PROCESSING issues have caused the price of lamb meat to plummet, causing great concern for local farmers.
The COVID-19 pandemic has caused several processing facilities in Victoria to operate at limited capacity, creating a slip in prices.
NSW Farmers president and Guyra farmer James Jackson said the downward trend in prices could pose issues for farmers recovering from drought.
"It would be particularly cruel for producers who have spent a fortune on keeping animals going through the drought to be denied a fair return on the stock they have to market because of labour issues in the processing industry," Mr Jackson said.
"Earlier in the year, lamb prices were sitting around $9 a kilogram, while now they're closer to $5 a kilogram.
"Producers who purchased store lambs earlier in the year are also set to lose out, facing much lower market prices despite fattening and improving the stock."
Mr Jackson's comments come after one of the country's biggest beef processors Teys expressed concerns about record-high job vacancies at its sites across Australia.
"A high percentage of workers in processing plants are from overseas on short term visas and the crisis has meant some are no longer able to stay in Australia," Mr Jackson said.
"We need appropriate permit systems for agriculture to ensure flow of workforce across borders, and we need solutions around entry visas."
Teys manager of corporate and industry affairs John Langbridge said the high number of job vacancies, of which 30 are at its Tamworth site, was because unemployed people are opting to go on JobSeeker instead.
"JobSeeker was a good temporary measure to support the economy but Teys feels as though it is now competing with the government for workers," Mr Langbridge said.
"There are many pathways for advancement in this industry and we also offer training programs that can upskill workers into better paying jobs.
"Processing plants are not what many expect, in the food manufacturing sector, hygiene and food safety is paramount, so this ensures a high-quality work environment."
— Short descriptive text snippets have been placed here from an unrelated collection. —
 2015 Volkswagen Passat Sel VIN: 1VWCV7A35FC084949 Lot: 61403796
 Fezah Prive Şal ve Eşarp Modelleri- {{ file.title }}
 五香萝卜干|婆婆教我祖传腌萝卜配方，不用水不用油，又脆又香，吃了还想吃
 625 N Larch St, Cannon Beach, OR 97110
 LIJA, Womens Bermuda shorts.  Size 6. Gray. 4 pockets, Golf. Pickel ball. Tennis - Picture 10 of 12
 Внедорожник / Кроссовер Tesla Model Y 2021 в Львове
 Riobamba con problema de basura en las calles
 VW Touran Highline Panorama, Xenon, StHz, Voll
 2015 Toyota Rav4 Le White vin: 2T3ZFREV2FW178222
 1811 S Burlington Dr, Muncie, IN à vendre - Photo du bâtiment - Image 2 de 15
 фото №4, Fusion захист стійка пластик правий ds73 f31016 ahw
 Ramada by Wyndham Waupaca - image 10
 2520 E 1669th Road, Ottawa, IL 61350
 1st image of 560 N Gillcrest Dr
However, Elders stock agent John Goudge said the local market was not all doom and gloom.
"I suppose we are all in a bit of uncertainty at the moment and we are all hoping things get back to normal," Mr Goudge said.
"The lamb job has gotten a bit cheaper because there has been an influx of sucker lambs coming through the market, especially in the south.
"We produce a top-quality product in Australia and I think the greatest thing that affects our supply is the season, with a good season like we're having means we'll be in for a good year."